Le Coq d’Or (The Golden Cockerel)

(TDK) This wily fairy-tale opera, recently given a magical makeover by the Châtelet Theatre de Paris, embodies all the fantasy of a kabuki-cum-Cirque du Soleil performance, resulting in a most satisfying DVD.
A 1906 illustration by Ivan Bilibin for the fairytale The Golden Cockerel
An astrologer gives old King Dodon a golden cockerel who will sing warnings of war. Delighted, the king offers a reward of whatever the astrologer might choose. The astrologer, however, defers his prize. Later, the cock crows and the king marches out with his troops. But instead of finding the enemy, he is enticed by the mysterious Queen of Shamakhan. Taking her back to his palace, the king comes upon the astrologer, who now asks for the queen as his prize. The king refuses, at which time the golden bird flies down and kills the king, much to the delight of the populace. What makes the opera so memorable is its colorful score, well-conducted here by Kent Nagano. What makes the production so enchanting is its costume design by Tomio Mohri, the principals in flowing robes of dazzling reds, greens, and blues, the cockerel resplendent in bright yellow feathers, the queen enrobed in great pink petals, and the masses of warriors, maidens, court officials, and dancers dressed in shimmering armor, sparkling headdresses, and fantastic fans. It's a toss-up as to which is the more spectacular, the music or the production. Sung in Russian, with English titles.

Thaïs

(Dynamic) Massenet’s sumptuous opera receives a production to match. An Alexandrine temptress converts from heady hedonism to religious rigor. The monk who saves her realizes that his concern is as carnal as it is caring. It’s a great story, and Massenet wraps his characters in sensuous melody. And while the singers are all highly accomplished (especially baritone Michele Pertusi as the fanatical monk, tenor William Joyner as a profligate prince, and soprano Eva Mei as the translated Thaïs), it's Pier Luigi Pizzi’s set design and costumes that make this DVD a keeper. The stage is often bathed in brothel red, at other times pristine white, a shifting backdrop for dancing phalanxes of bare-breasted women in diaphanous gold, and near-nude men in glittering silver. Thaïs’ infamous bed is a great sleigh of red roses and tangled vines, and during her conversion (to the haunting strains of the “Meditation” melody), an almost-starkers woman mounts and writhes upon a great iron cross, striking a powerful crucifix pose as the music fades, the roses fall, and the bed becomes a mass of black thorns. It may not be subtle, but it is certainly theatrical. Maestro Marcello Viotti leads the orchestra and chorus of the Teatro La Fenice through the sinuous score, and the multiple-camera work by Tiziano Mancini is as sensitive as it is sensational.

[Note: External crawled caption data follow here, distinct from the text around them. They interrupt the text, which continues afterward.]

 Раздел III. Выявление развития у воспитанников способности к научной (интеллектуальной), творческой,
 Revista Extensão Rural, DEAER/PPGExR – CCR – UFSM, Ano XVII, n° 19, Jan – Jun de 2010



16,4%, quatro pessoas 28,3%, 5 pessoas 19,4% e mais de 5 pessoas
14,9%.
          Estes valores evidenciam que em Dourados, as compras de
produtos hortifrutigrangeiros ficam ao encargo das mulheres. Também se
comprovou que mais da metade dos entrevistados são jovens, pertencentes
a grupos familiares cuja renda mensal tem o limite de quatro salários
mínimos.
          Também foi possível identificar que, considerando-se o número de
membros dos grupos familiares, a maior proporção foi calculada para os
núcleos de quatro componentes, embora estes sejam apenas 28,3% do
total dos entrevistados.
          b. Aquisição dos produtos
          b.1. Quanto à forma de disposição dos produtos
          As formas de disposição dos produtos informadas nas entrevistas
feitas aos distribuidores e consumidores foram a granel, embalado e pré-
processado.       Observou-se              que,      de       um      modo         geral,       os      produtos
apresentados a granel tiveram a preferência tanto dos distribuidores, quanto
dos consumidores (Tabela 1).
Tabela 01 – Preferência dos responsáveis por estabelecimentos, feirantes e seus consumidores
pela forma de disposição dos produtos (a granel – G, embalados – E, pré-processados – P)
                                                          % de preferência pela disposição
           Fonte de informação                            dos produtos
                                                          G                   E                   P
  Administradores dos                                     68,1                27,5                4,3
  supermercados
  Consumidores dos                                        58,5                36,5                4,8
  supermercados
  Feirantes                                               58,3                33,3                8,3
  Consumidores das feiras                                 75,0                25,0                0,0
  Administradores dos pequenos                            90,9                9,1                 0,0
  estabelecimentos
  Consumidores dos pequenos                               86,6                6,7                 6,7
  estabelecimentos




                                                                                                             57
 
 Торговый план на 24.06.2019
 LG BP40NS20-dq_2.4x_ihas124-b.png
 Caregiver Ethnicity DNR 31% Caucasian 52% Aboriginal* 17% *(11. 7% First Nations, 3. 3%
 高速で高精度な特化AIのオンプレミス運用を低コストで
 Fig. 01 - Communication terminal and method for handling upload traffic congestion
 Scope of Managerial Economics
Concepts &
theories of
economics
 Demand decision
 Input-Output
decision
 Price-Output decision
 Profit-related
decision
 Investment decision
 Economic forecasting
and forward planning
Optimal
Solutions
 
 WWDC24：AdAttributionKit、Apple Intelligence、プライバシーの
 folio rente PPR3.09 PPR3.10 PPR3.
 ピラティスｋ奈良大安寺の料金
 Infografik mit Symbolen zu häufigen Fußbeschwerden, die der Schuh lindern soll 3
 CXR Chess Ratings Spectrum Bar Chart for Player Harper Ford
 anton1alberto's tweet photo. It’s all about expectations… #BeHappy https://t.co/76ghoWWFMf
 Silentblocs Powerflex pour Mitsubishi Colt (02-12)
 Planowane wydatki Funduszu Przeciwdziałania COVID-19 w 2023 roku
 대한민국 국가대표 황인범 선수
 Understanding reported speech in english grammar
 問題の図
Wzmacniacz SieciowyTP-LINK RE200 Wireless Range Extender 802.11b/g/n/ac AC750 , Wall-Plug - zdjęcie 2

Sung in French, with English titles.

L’Orfeo

(Opus Arte) Claudio Monteverdi, while not the first composer of opera, certainly gave it shape and form with his 1607 L’Orfeo, or Orpheus. And what better tale to set to music than that of the singer who loses his beloved in death and sets out to release her through the power of his voice, only to lose her again because of his human questioning. This production, by the Netherlands Opera, is riveting, from its opening brass toccata to its resolution with the appearance of Apollo, the god of music himself. Tenor John Mark Ainsley is a wonderful Orfeo, easily holding our attention through the two discs. Soprano Juanita Lascarro gives her Euridice both drama and subtlety, while bass Mario Luperi’s sepulchral tones are wondrous as Caronte, the gatekeeper of hell. The playing of the Baroque ensembles Tragicomedia and Concerto Palatino, under the guidance of Stephen Stubbs, is both subtle and luminous. But it is Michael Simon’s stage design and Pierre Audi’s direction that give this production distinction. At center is a dark reflecting pool, which becomes, in turn, a shepherds’ bath, the entrance to hell, the river Styx, and when aflame, hell itself. The effect is mesmerizing. Sung in Italian, with English titles.

Ercole su’l Termodonte

(Dynamic) The buzz in the world of Baroque opera has been this recent DVD release of Vivaldi’s 1723 score, once considered lost and now reconstituted. It certainly has a lot going for it. The back story: Having killed his wife and children, the mythic strongman Hercules (Ercole) must expiate his guilt by 12 labors. This is the story of number nine. Hercules must find and battle the man-hating Amazons who live near the river Termodonte, in ancient Greece. Of course, it is not that simple, being a Baroque opera, for there is an entanglement of lovers, as well. The music and the singing are stellar. Tenor Zachary Stains delivers Ercole's rage with great ferocity, while mezzo-soprano Mary-Ellen Nesi, as the Amazon queen, sings her intricate arias with equal strength and intensity. The young lovers are nicely contrasted, with sopranos Marina Bartoli and Laura Cherici as Amazon sisters, alto Randall Scotting, tenor Luca Dordolo, and countertenor Filippo Mineccia as the impassioned Greeks.
Ercole su'l Termodonte DVD cover
The peaceful Amazons sing beneath symbolic olive trees, while the men argue amid a forest of broken phalluses. Vivaldi’s stirring melodies are played in clear, crisp sound by Il Complesso Barocco, under the direction of Alan Curtis. Full frontal disclosure: Ercole in this production is nude except for a cape of lion’s skin, the director John Pascoe wanting him to appear as an enlivened Greek sculpture. Sung in Italian, with English titles.

White Christmas

(Paramount) The best thing about the DVD of the 1954 Irving Berlin holiday chestnut, starring Bing Crosby and Danny Kaye, is the bonus feature with singer Rosemary Clooney, who like a sweet old aunt gives her comments on the cast and crew as she views the movie along with you. Fun and witty.